En las últimas horas han constituido una de las principales noticias, en Venezuela, las declaraciones de Maduro sobre la irrelevancia del matrimonio igualitario y del aborto como puntos dentro de la agenda de lo que él y sus socios en el —para ellos— enormemente lucrativo negocio de la opresión pretenden que se tome, sin serlo, por un gobierno más del no tan extendido sistema democrático contemporáneo.

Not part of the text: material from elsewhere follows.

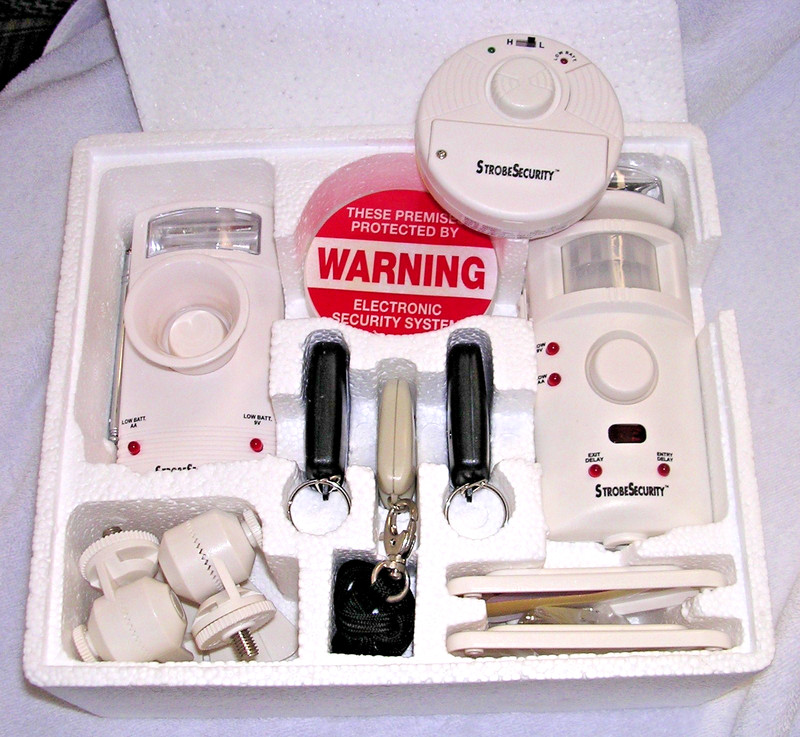 NEW StrobeSecurity System Wireless Home Security Alarm Set Remote Panic Sensor gallery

Si en realidad la maquinaria de persecución y muerte que tan bien ha aceitado aquella nomenklatura criolla constituyese una estructura de la mencionada índole, esto es, un gobierno democrático, no solo deberían considerarse desafortunadas tales declaraciones, sino que además tendrían que mover a la colectiva exigencia de que esos, junto con otros importantes asuntos, formen parte de los grandes temas para el debate y, sobre todo, para la acción orientada a la consecución de un auténtico desarrollo, o lo que es lo mismo, a la necesaria expansión de las libertades, entendidas como derechos que no vulneran otros, sin las cuales es imposible construirlo. No obstante, y he ahí el «pero» que debe encender todas las alarmas del mayoritario segmento de la sociedad venezolana compuesto por ciudadanos de bien y con hambre de libertad, esas declaraciones surgen en momentos en los que en el seno del régimen se están buscando con desesperación estrategias que lleven a la ciudadanía opositora a aceptar como interlocutores y representantes a los miembros de la ilegítima asamblea gestada en el fraude «electoral» del pasado 6 de diciembre, y ello, claro, con el fin de liquidar de silente modo a la que sí goza de legitimidad y es hoy el único poder independiente del país; uno reconocido y decididamente respaldado por los actores de mayor peso dentro del mundo democrático.
En términos simples, lo que persiguen los miembros del régimen con ese ardid, que de seguro no será el último en el rosario de «casquillos» que pronto saltará a la vista como lo que es, una sucesión de provocaciones, es que la oposición venezolana comience a «exigirle» a la seudoasamblea chavista que «actúe» en sentidos contrarios a los planteados por un «Ejecutivo» que no lo es para que así se «normalice», ante la mirada del mundo, su accionar «legislativo»; justo aquel para el que no tiene verdadera competencia, puesto que el único parlamento legítimo en Venezuela es el que encabeza el también presidente encargado del país, Juan Guaidó.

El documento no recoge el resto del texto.